Le jour de passer à l'acte venait enfin d'arriver. Carole avait fait preuve d'une extrême patience pour mettre son plan en œuvre, ce qui ne lui ressemblait pas du tout. Son premier coup serait décisif et elle ne voulait pas du tout le rater seulement parce qu'elle aurait agi trop vite. Ainsi, elle avait paru préoccupé durant ces quelques jours. Le professeur de littérature ne l'avait pas prise au sérieux le jour où elle était venue lui réclamer ce maudit bouquin, et bien il allait en accepter les conséquences. La rouquine était devenue une experte dans l'art de la vengeance et elle était suffisamment déterminée pour aller jusqu'au bout de sa rancune, même si elle devait martyriser Markovis pendant des mois. En fait, elle avait prévu plusieurs stratagèmes pour y parvenir...
Après s'être assurée que le professeur de littérature était occupé avec ses élèves dans la salle de cours, elle se faufila discrètement vers le local électrique, auquel elle avait accès, et rien qu'elle. Elle ouvrit une des armoires électriques et, dissimulé au milieu des appareillages électriques et des fils de cuivre, elle extirpa le livre tant convoité par le professeur. Elle se dirigea ensuite vers le studio de sa cible. Une fois devant la porte, elle tenta de tourner la poignée. Comme elle s'y attendait, elle était verrouillée. Elle sortit de son blouson en cuir rouge quelques uns de ses outils et entreprit de crocheter la serrure. Cela ne lui prit que quelques minutes, c'était devenu un exercice facile. Elle pénétra dans la pièce en refermant derrière elle et mit les pieds dans la cuisine. Elle alluma doucement le gaz du four afin que l'odeur se répande dans le studio. Puis elle sortit son briquet et enflamma les pages du livre, sans aucun état d'âme. Elle laissa les cendres tombaient un peu partout dans la cuisine, puis sur le four et jeta les restes du livre qui brûlait encore à l'intérieur. Elle ferma le gaz et retourna dans le couloir. Elle manipula une nouvelle fois ces outils et la porte se referma comme si de rien n'était. Elle avait travaillé d'une manière d'experte, il n'y avait aucune trace apparente sur la serrure ou la porte.

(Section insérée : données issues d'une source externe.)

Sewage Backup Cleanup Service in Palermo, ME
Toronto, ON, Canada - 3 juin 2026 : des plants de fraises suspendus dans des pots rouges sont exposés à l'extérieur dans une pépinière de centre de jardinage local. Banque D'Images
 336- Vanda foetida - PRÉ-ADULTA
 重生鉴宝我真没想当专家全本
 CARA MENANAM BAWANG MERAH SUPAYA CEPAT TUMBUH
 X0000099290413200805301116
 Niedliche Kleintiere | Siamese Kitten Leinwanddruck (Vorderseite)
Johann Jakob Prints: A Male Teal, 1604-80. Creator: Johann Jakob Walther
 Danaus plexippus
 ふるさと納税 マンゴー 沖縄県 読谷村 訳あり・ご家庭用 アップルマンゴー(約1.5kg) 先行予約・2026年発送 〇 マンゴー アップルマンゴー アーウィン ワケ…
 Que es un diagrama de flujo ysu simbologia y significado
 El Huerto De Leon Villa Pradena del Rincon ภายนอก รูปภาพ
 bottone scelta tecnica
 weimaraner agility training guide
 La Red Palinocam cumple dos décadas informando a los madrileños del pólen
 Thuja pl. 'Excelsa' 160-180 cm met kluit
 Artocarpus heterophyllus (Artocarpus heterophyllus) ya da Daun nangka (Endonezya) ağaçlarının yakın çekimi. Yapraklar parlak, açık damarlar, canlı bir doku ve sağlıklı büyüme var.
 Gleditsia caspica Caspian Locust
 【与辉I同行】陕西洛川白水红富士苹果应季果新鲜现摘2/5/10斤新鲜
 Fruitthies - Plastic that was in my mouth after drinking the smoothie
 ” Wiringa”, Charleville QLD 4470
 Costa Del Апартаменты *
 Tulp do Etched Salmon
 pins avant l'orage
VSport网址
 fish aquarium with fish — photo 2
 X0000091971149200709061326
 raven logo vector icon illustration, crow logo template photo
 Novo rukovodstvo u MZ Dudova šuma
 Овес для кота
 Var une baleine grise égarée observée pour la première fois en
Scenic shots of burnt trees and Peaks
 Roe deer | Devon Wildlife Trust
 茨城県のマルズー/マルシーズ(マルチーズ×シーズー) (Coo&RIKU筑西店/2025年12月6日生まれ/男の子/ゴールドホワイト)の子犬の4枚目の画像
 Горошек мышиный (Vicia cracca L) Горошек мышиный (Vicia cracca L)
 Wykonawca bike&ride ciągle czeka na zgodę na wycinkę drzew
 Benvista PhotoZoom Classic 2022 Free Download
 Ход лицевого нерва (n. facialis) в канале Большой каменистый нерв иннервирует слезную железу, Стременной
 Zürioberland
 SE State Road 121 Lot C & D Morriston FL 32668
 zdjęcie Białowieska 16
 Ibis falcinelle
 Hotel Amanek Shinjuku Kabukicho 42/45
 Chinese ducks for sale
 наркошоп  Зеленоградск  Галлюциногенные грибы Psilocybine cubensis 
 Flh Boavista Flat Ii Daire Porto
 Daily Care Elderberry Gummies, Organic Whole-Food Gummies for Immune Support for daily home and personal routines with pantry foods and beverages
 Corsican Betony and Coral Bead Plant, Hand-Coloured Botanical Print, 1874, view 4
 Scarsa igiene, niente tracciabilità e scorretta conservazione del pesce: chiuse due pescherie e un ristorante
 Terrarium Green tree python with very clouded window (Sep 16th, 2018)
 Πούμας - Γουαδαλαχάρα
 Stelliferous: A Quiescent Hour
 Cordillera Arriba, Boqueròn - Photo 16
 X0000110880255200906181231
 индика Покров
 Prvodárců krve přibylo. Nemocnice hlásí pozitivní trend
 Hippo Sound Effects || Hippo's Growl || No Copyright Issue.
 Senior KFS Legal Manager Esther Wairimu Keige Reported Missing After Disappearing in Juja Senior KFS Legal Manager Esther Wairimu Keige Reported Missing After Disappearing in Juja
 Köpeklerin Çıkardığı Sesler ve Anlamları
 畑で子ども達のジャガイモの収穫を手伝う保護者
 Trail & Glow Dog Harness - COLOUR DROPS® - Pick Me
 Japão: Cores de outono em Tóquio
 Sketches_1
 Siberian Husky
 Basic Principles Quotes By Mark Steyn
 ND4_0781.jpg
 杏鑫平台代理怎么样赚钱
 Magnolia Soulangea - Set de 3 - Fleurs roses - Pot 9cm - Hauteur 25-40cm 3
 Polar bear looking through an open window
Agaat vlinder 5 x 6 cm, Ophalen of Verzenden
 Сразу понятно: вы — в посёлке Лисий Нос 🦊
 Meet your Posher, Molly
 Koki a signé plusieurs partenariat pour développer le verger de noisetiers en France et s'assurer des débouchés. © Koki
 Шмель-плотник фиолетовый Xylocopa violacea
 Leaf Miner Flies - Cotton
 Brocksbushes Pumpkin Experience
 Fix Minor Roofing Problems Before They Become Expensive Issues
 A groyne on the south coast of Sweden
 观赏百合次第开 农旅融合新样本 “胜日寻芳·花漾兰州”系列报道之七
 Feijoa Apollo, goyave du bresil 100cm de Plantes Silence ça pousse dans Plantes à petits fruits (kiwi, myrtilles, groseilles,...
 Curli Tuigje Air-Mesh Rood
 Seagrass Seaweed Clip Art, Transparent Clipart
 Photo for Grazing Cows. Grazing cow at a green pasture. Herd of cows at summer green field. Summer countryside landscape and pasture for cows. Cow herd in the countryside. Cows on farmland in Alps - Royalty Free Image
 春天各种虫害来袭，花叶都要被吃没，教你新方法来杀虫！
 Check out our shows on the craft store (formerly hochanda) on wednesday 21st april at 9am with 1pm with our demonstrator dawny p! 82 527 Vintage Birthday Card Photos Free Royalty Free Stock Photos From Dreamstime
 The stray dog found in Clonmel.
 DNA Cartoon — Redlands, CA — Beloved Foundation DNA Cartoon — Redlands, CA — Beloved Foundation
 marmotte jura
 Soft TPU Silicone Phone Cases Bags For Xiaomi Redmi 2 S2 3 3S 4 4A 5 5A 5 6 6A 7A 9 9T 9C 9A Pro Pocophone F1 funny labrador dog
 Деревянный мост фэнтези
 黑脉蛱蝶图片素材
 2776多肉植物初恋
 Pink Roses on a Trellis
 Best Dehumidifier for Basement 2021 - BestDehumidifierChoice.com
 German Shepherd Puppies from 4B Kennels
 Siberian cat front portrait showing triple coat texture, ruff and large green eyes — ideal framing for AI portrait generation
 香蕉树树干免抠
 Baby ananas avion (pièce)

Satisfaite, elle marcha tranquillement vers la bibliothèque. Elle avait réalisé le plus facile, maintenant, elle devait jouer le jeu pour convaincre la Directrice. C'était plus facile à dire qu'à faire, mais rien ne l'avait empêché de mettre toutes les chances de son côté. Elle prit le classeur des enregistrements et l'ouvrit à une page bien précise. Elle avait bien marqué le titre du livre et le nom de l'emprunteur à une date assez éloignée, plusieurs autres enregistrements avaient eu lieu par la suite. Cela rendra son histoire encore plus crédible. Elle prit ensuite la direction du bureau de sa patronne. Elle risquait gros à cause de cette magouille, mais elle n'allait pas se laisser marcher sur les pieds par un prof' complètement taré! Son cœur s'emballa et l'adrénaline se diffusa dans son corps quand elle aperçut la porte au fond du secrétariat. Elle respira un grand coup, après tout, il lui suffisait de se comporter comme elle l'aurait fait en réalité. La bibliothécaire tambourina sur la porte et l'ouvrit sans même attendre de réponse. Puis elle la claqua derrière elle. Elle paraissait aussi furieuse qu'à son habitude, les sourcils froncés et le regard haineux. Néanmoins, elle hésita un peu quand elle se rendit compte que Markovis était présent lui aussi, ensuite, elle joua sa comédie. Maintenant qu'elle était là, elle ne pouvait plus revenir en arrière et sa présence ferait accélérer les choses. Elle le fixa avec un regard noir avant de lui lancer:
"- Ben vous tombez bien, vous!"
Elle se tourna vers Demoya et déballa son discours:
"- Mademoiselle, ça fait plusieurs jours que je demande à Markovis de restituer le livre qu'il a emprunté depuis pas mal de temps et il ne l'a toujours pas fait! Il y a une durée limitée sur les emprunts et je ne vois pas pourquoi il échapperait à la règle! Alors je voulais savoir si je devais aller le chercher moi-même ou si vous vous en chargiez?"
Elle n'avait pas encore montré son classeur comme preuve, il interviendrait seulement si le prof' mettait sa parole en doute, ou si la directrice semblait sceptique.